■ Exercise
The answer must consist solely of the lines from the one with "Un gráfico que" through the last line of the data, copied exactly, with no pictures.

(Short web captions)
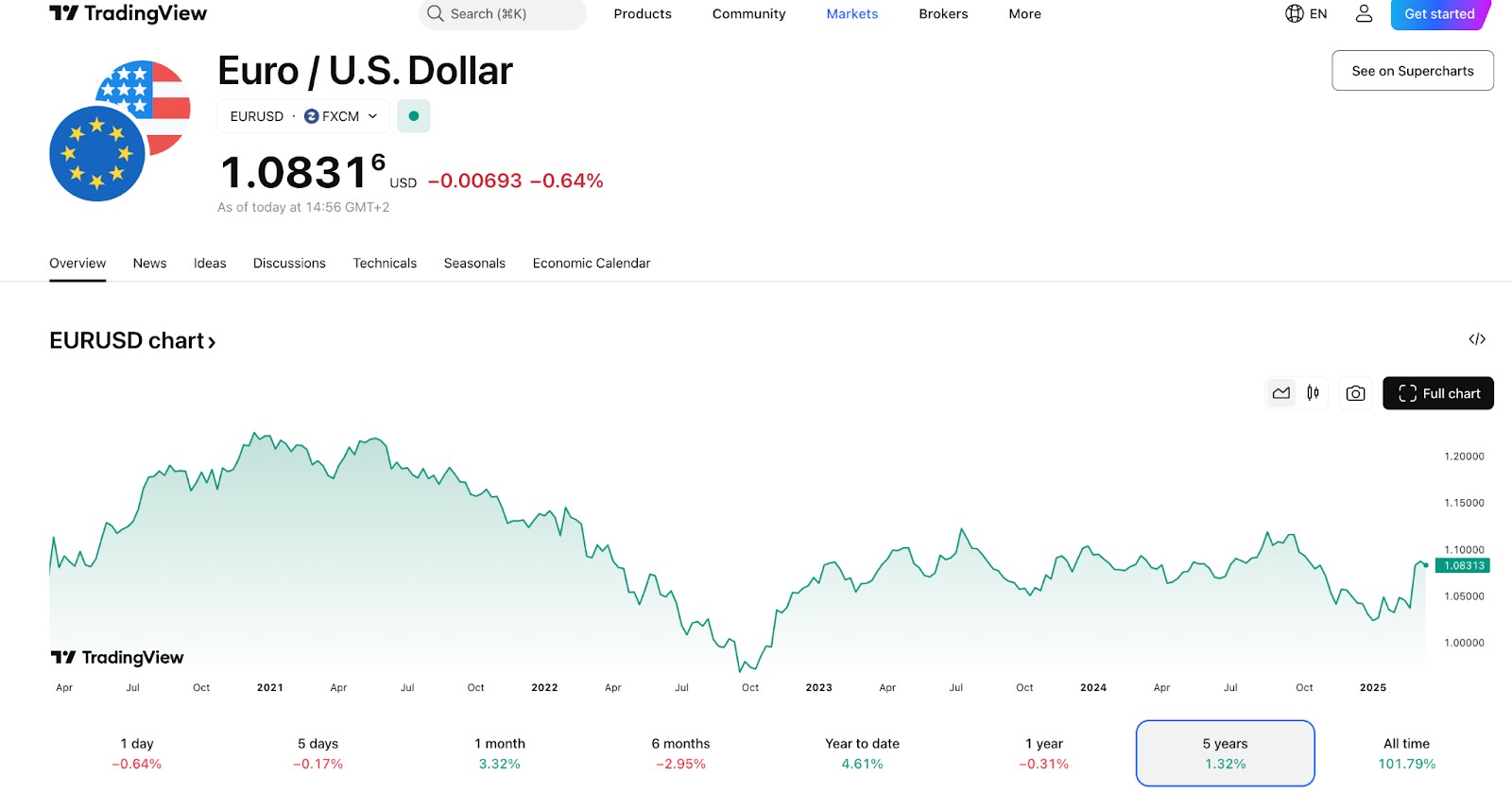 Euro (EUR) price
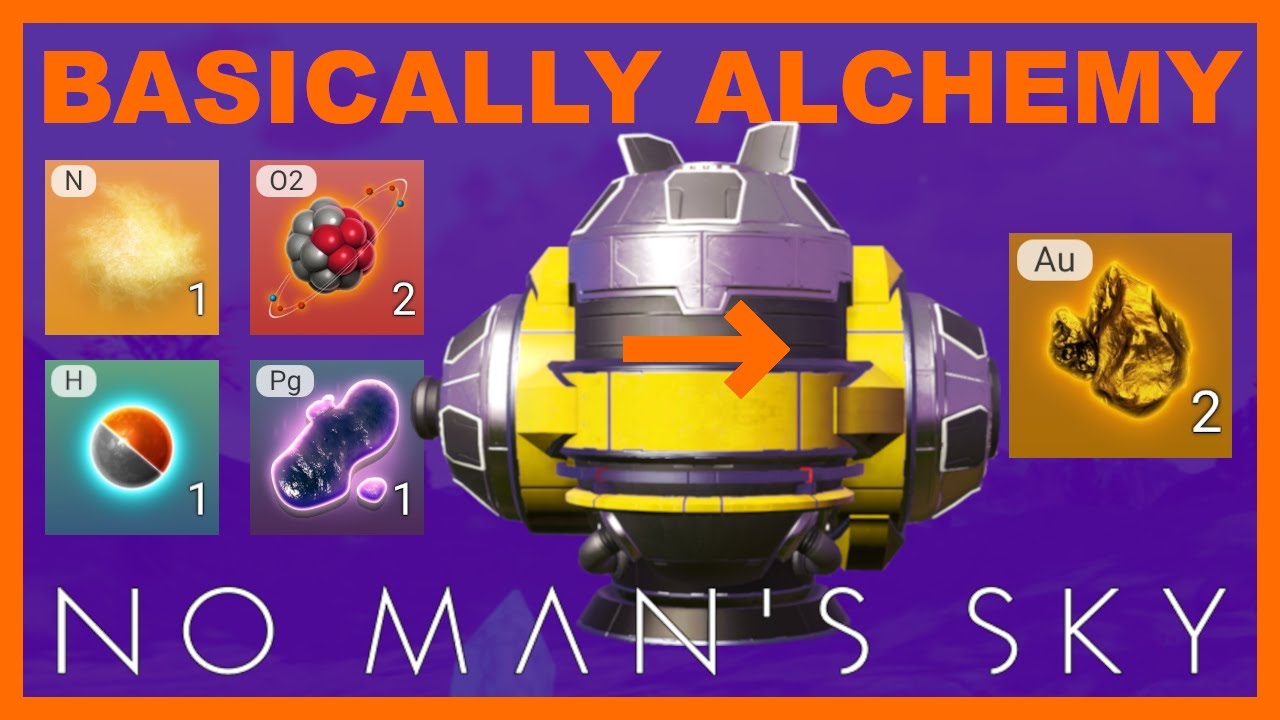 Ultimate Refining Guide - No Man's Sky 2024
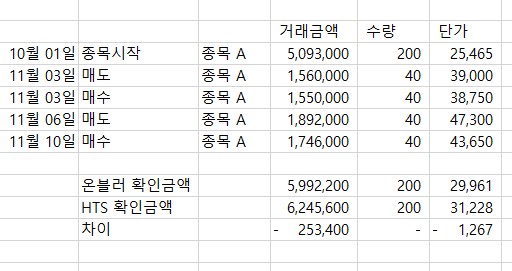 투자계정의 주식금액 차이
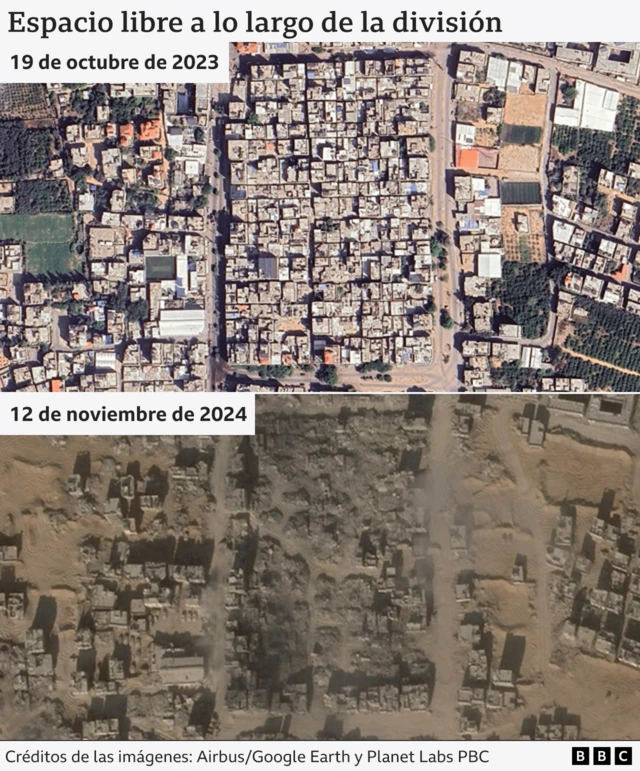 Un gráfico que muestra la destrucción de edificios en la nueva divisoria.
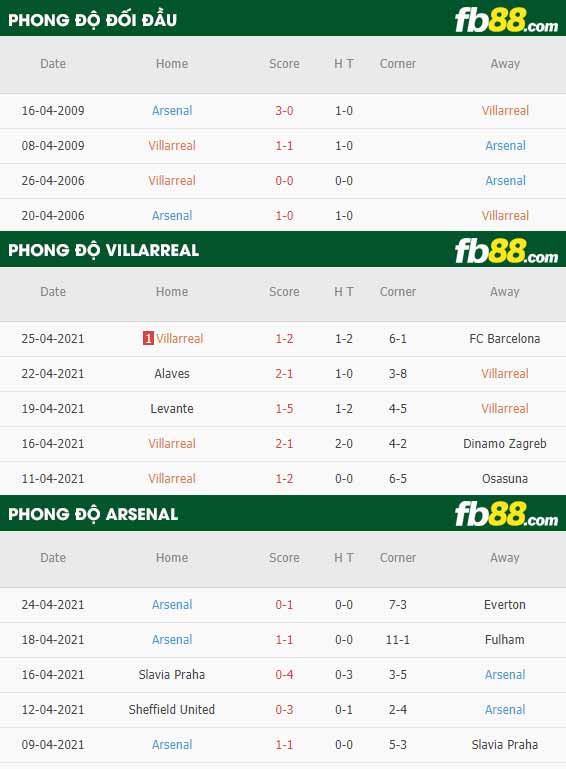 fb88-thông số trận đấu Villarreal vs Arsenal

■ Result of this exercise
 Un gráfico que muestra la destrucción de edificios en la nueva divisoria.
 fb88-thông số trận đấu Villarreal vs Arsenal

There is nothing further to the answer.